▶ **REQUIRED ACTION**
Leave the pictures out. Retype exactly the lines below from the one containing "Jones New York" through the one containing "Restorers Rat Tail Shutter Dog", and no others.

▶ **INPUT MATERIAL**
○ ○ ○ ○ ○
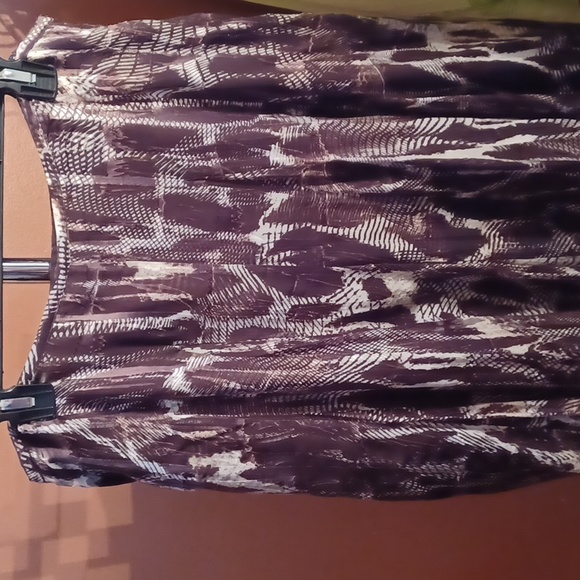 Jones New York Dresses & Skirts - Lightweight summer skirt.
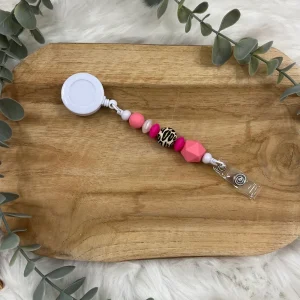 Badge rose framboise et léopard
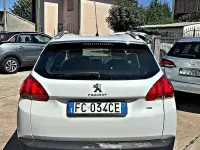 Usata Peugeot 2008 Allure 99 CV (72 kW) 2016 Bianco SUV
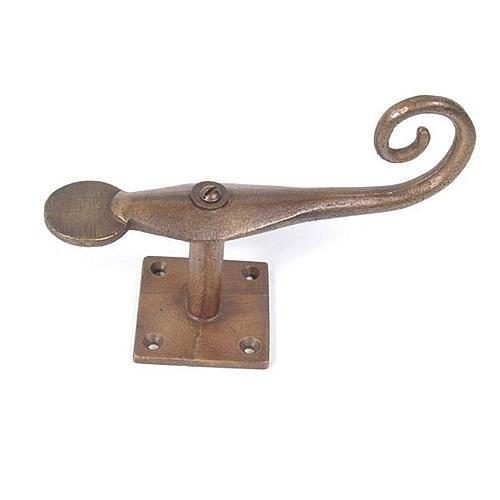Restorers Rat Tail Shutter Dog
○ ○ ○ ○ ○
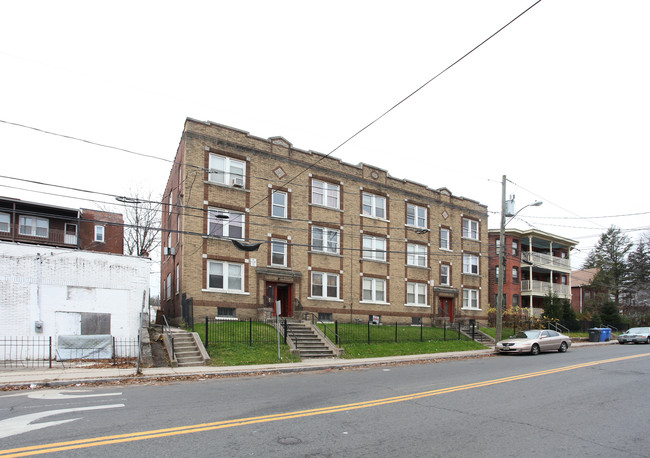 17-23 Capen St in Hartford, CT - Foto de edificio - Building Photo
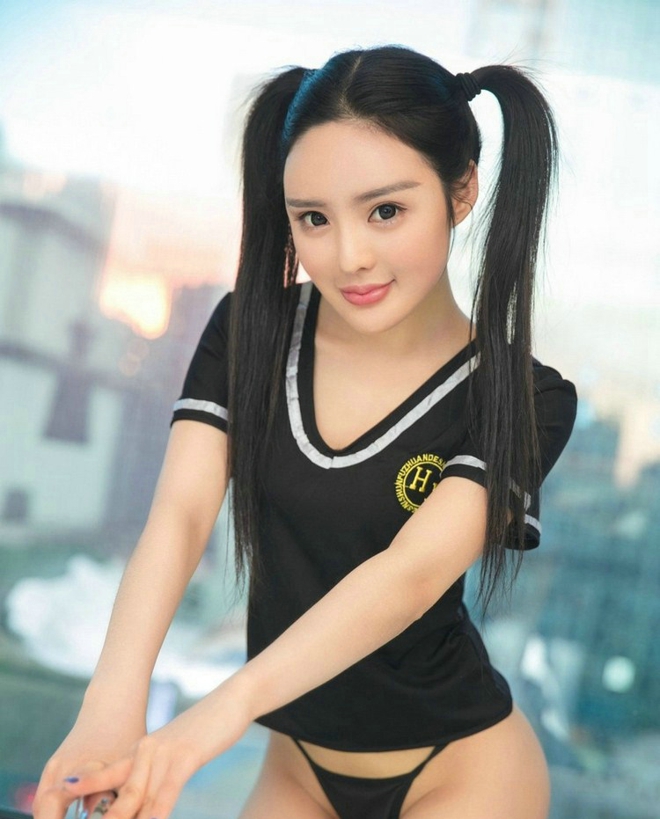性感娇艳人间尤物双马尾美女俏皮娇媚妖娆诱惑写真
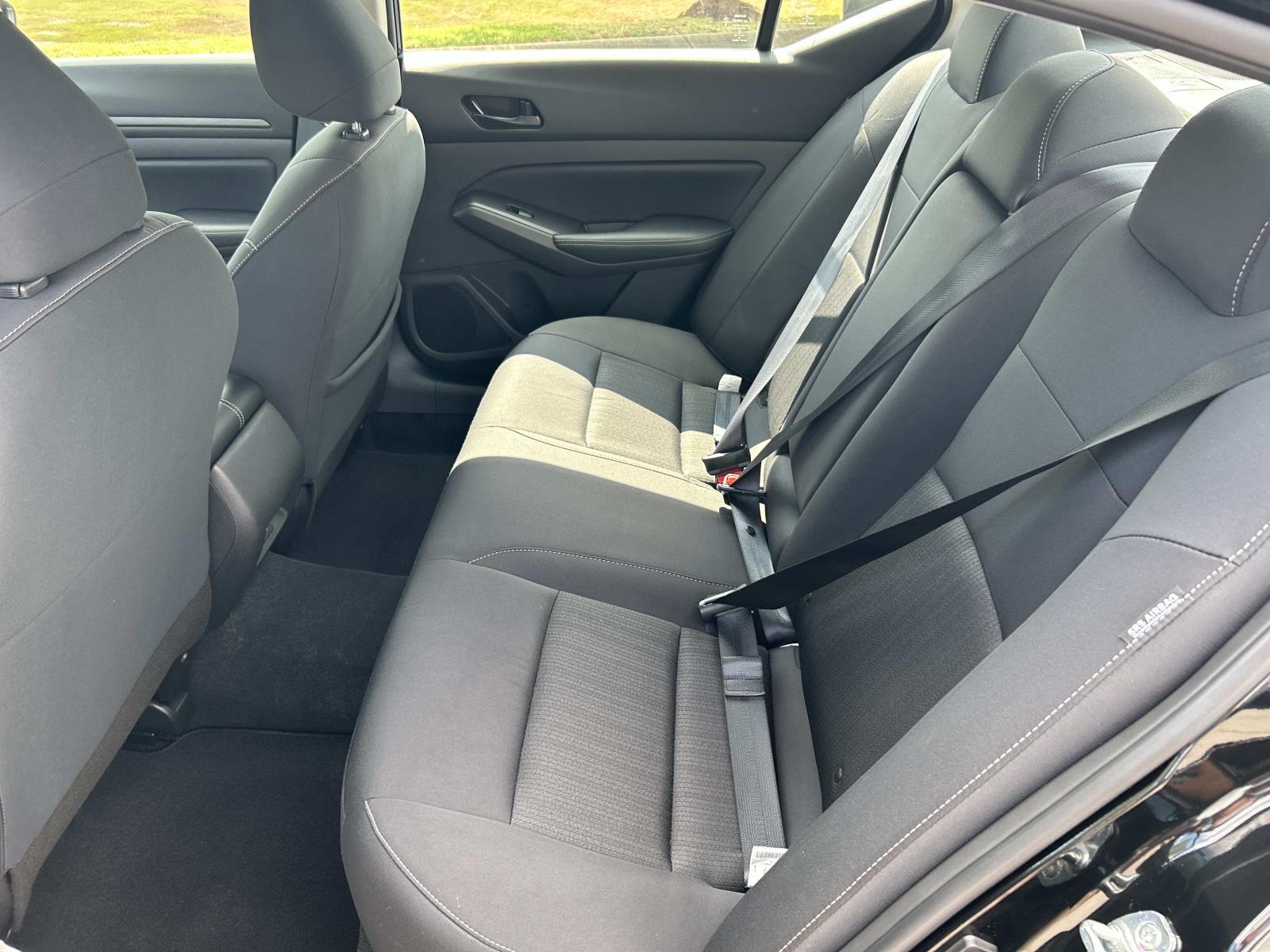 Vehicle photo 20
○ ○ ○ ○ ○
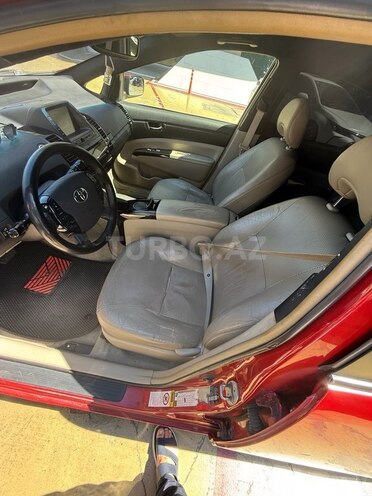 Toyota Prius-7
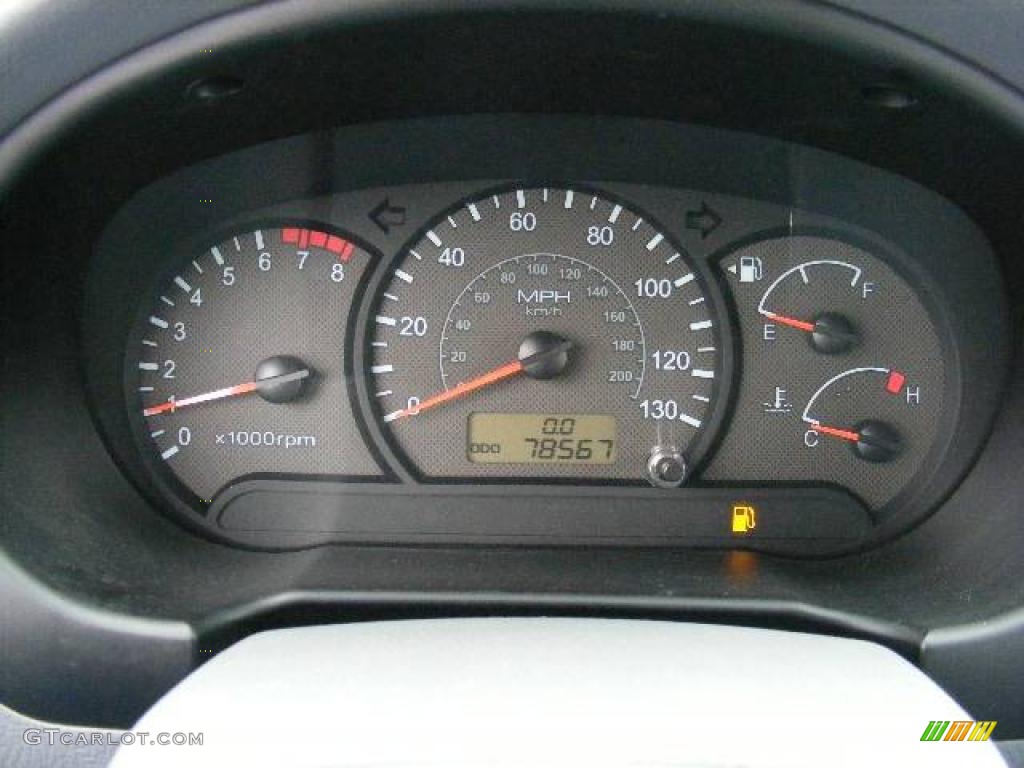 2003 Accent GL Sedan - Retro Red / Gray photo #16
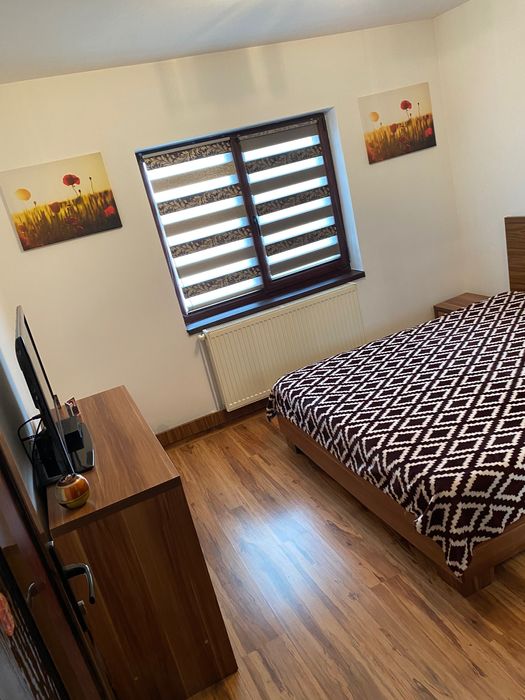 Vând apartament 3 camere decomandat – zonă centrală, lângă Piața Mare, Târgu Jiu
○ ○ ○ ○ ○
▶ **SOLUTION**
 Jones New York Dresses & Skirts - Lightweight summer skirt.
 Badge rose framboise et léopard
 Usata Peugeot 2008 Allure 99 CV (72 kW) 2016 Bianco SUV
Restorers Rat Tail Shutter Dog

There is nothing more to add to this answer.